Soon after the institution of the Royal Academy of Music in 1823, Attwood was chosen to be one of the professors. He was also one of the original members of the Royal Philharmonic Society, founded in 1813. He wrote the anthem O Lord, Grant the King  a Long Life for the coronation of William IV, and he was composing a similar work for the coronation of Queen Victoria when he died at his house at 75 Cheyne Walk,  Chelsea, on 24 March 1838.

Attwood’s funeral took place at St Paul’s Cathedral on 31 March 1838. He is buried in the Cathedral, in the crypt, under the organ.

Attwood is now known only for a few short anthems; these include Teach me, O Lord (1797), O God who by the leading of a star (1814), Turn Thy face from my sins (1831), and Come, Holy Ghost (1834).[His compositions show the influence of his teacher Mozart, but also the Georgian tradition of English church music of his early training, producing a “union of styles” which remained influential throughout the 19th century.


A new commandment, Thomas Tallis (1510-1585)

A new commandment give I unto you, saith the Lord, that ye love together, as I have loved you, that even so ye love one another. By this shall every man know that ye are my disciples, if ye have love one to another.

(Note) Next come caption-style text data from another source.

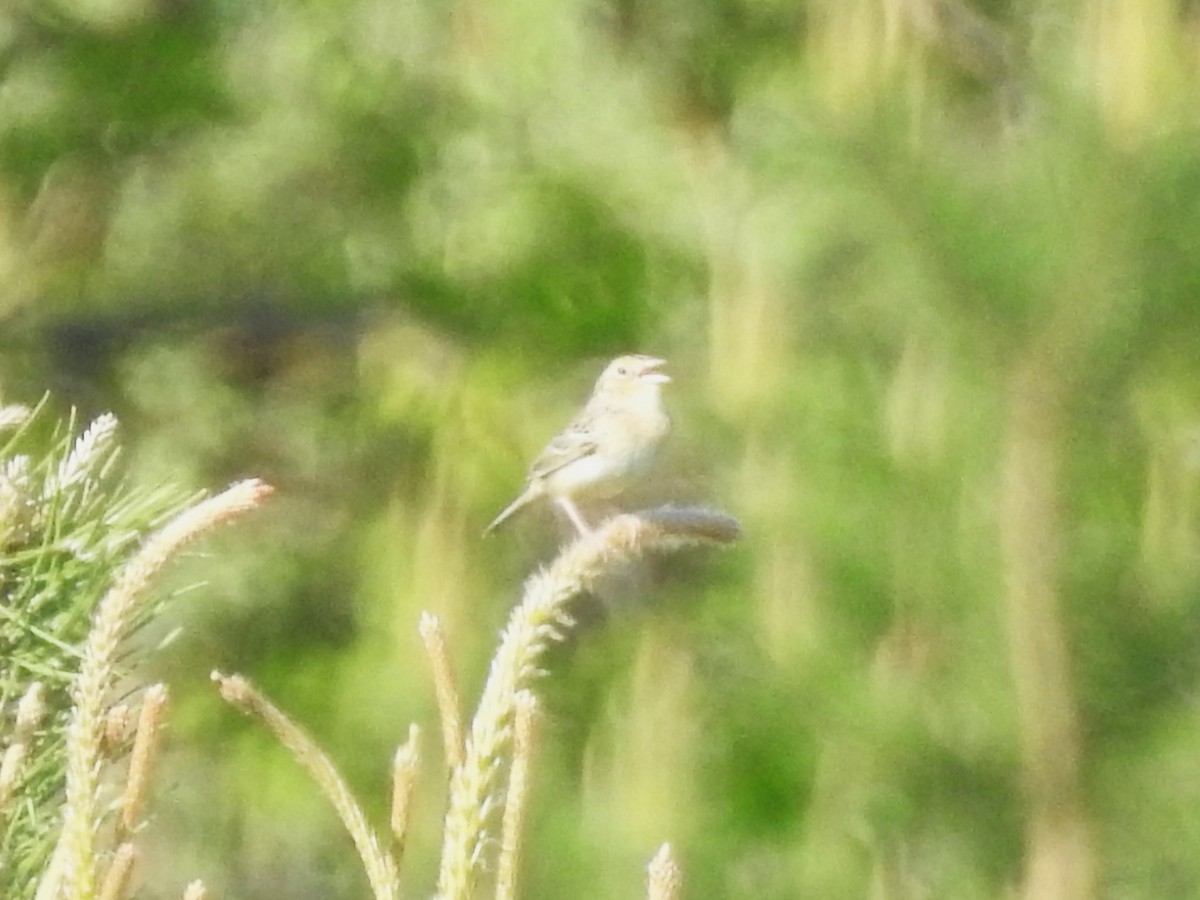 Grasshopper Sparrow - ML619452198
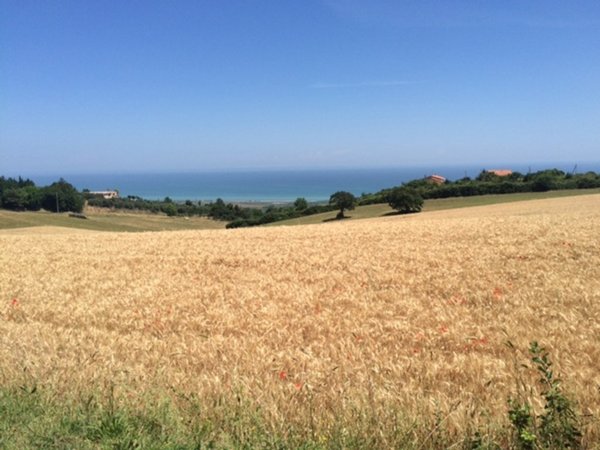 terreno edificabile in vendita a Colonnella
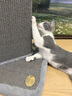 兽牌剑麻猫抓板立式猫抓柱直板l型自嗨解闷耐磨耐抓不掉屑猫玩具 兽牌猫架除毛刷 实拍图
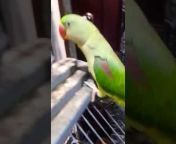 FUN 2 Parrot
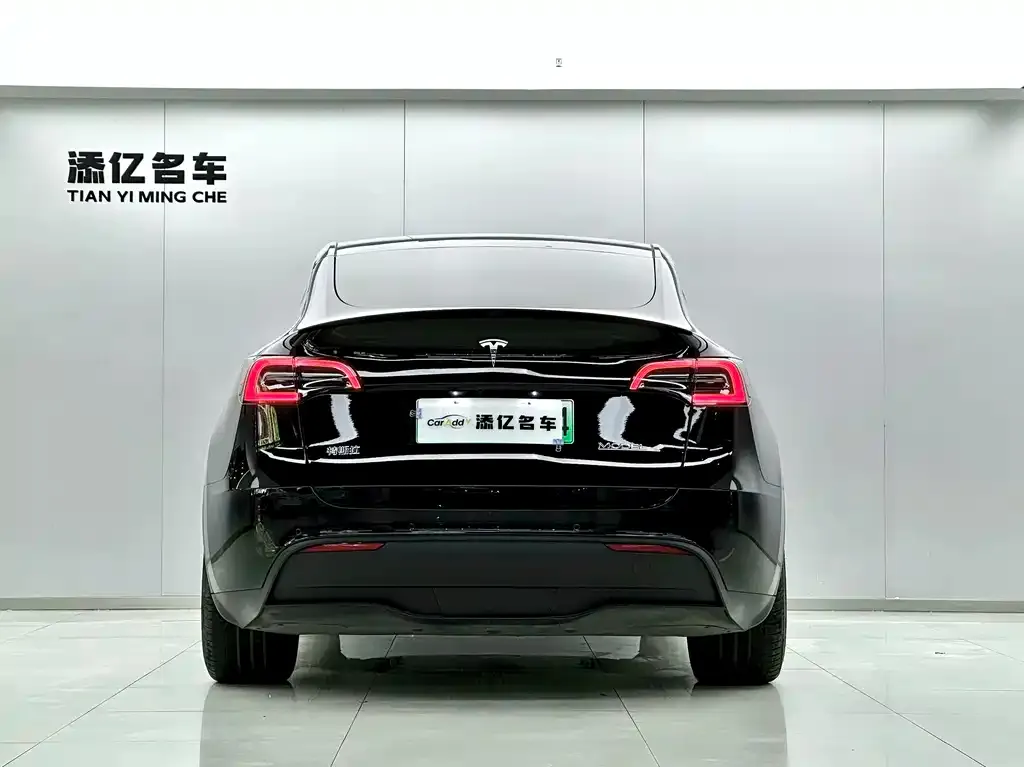 Tesla Model Y — фото 3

If ye love me and A new commandment show Tallis writing for the reformed rites of Edward VI and Elizabeth (who reinstated Edward’s First Prayer Book of 1549 when she came to the throne). They are examples of anthems which either use the word ‘commandment’ or refer to how one should live a godly life. This was especially important for Edward VI’s time when these anthems can be seen to reinforce the exhortation to godly living which was now explicit as a result of the Bible being read in English and a greater emphasis on preaching and teaching. Gone are the great soaring lines of the pre-Reformation where, from time to time, it was difficult to hear which word the choir was singing. Gone also is the impressive English treble voice. Instead Tallis produces beautiful four-part miniatures in two sections with the second section repeated in an ABB structure.



#289  O God our help in ages past (ST. ANNE) is a paraphrase of Psalm 90 by Isaac Watt (1674—1748), the father of English hymnody. Before him only strict metrical translations of the psalms were used; he was the first to paraphrase  psalms and scriptural passages. The antithesis between God and humanity is the primary message of Psalm 90 and Watts’ paraphrase: man is frail and mortal, God is strong and everlasting.

The hymn tune ST. ANNE was composed by William Croft in 1708 while he was the organist of the church of St. Anne, Soho. J. S. Bach’s Fugue in E-flat major BWV 552 is often called the “St. Anne” because of the similarity of its subject to the first line of the hymn tune, though there is some debate as to whether Bach used the actual tune after hearing it, or coincidentally created the very similar tune used as the fugal theme.

#429 Day by Day (SUMNER) is a prayer by St. Richard, bishop of Chichester. The tune is by Arthur Henry Biggs (1906-1954), organist at St. John the Evangelist Episcopal Cathedral in Spokane, Washington. The text became widely known because of its use by Godspell in a rousing setting.

#551 A mighty fortress is our God is from the German translation of Psalm 46 by Martin Luther. Leading Catholic liturgical scholar and musician Edward Foley calls Martin Luther “a model pastoral musician… a proponent and composer of music from the people and for the people, as evidenced in his chorales.” Speaking specifically of Ein’ feste Burg—the German title for “A mighty fortress”, Fr. Foley notes that this chorale “appears to be a paradigm of liturgical ‘people music.’” Luther’s “craft is affirmed by its ageless singability” — high praise from a Catholic scholar, indicating not only the quality of Luther’s work, but also its ecumenical popularity.